* _Problem statement_
From the first line to the last, write out the records exactly, leaving out images.

+++

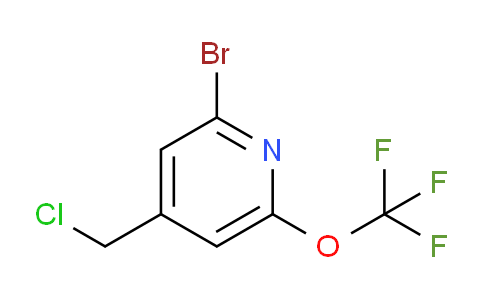 AM62580 | 1361787-80-5 | 2-Bromo-4-(chloromethyl)-6-(trifluoromethoxy)pyridine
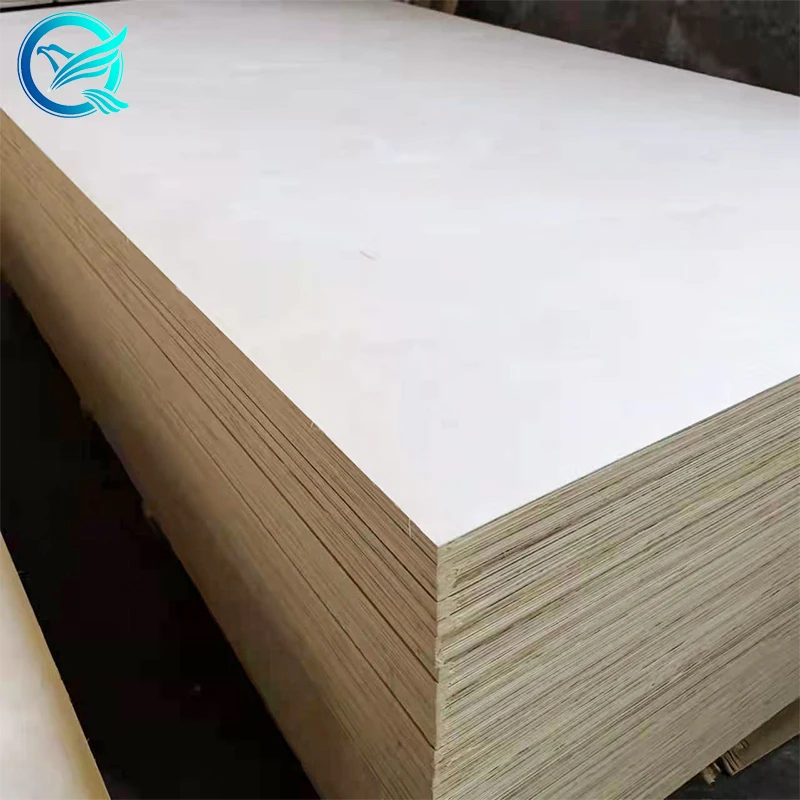 5mm flexible poplar plywood / flexi bendable plywood sheets for furniture and laser cut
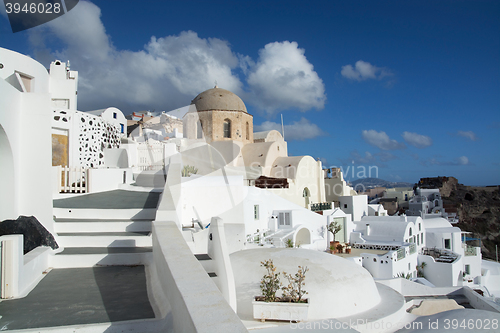 Image of Oia, Santorini, Greece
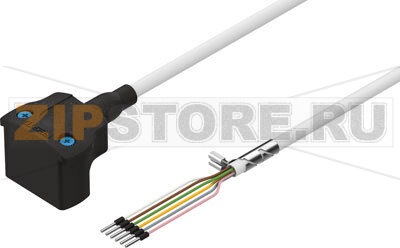 Кабель электродвигателя 10 м Festo NEBM-S1W9-E-10-Q5-LE6 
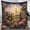 Quilt Blanket, variant on E-Macom LLC Jesus Teaching Disciples Quilt Bed Set, Christian Floral Faith Bedroom Quilt with Matching Pillowcases (90x100")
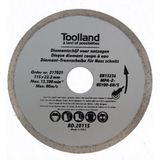 DIAMANTSCHIJF 180 mm x 22,2 mm - Toolland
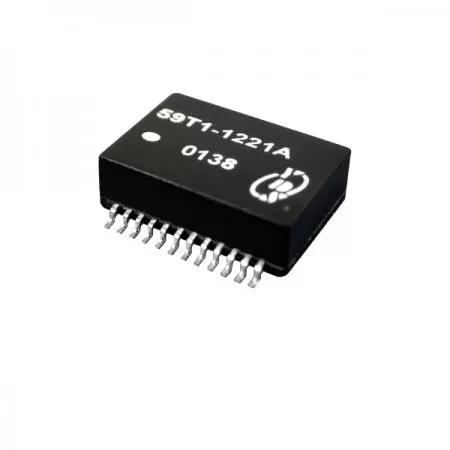 SMD24 Quad Ports T1/E1/ISDN-PRI Interface Transformer With 1500Vrms Isolation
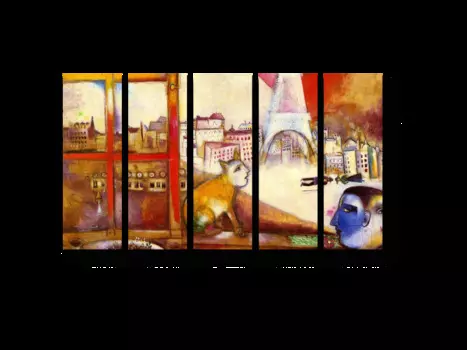 Модульная картина Picsis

+++

* _Response area_
 AM62580 | 1361787-80-5 | 2-Bromo-4-(chloromethyl)-6-(trifluoromethoxy)pyridine
 5mm flexible poplar plywood / flexi bendable plywood sheets for furniture and laser cut
 Image of Oia, Santorini, Greece
 Кабель электродвигателя 10 м Festo NEBM-S1W9-E-10-Q5-LE6 
 Quilt Blanket, variant on E-Macom LLC Jesus Teaching Disciples Quilt Bed Set, Christian Floral Faith Bedroom Quilt with Matching Pillowcases (90x100")
 DIAMANTSCHIJF 180 mm x 22,2 mm - Toolland
 SMD24 Quad Ports T1/E1/ISDN-PRI Interface Transformer With 1500Vrms Isolation
 Модульная картина Picsis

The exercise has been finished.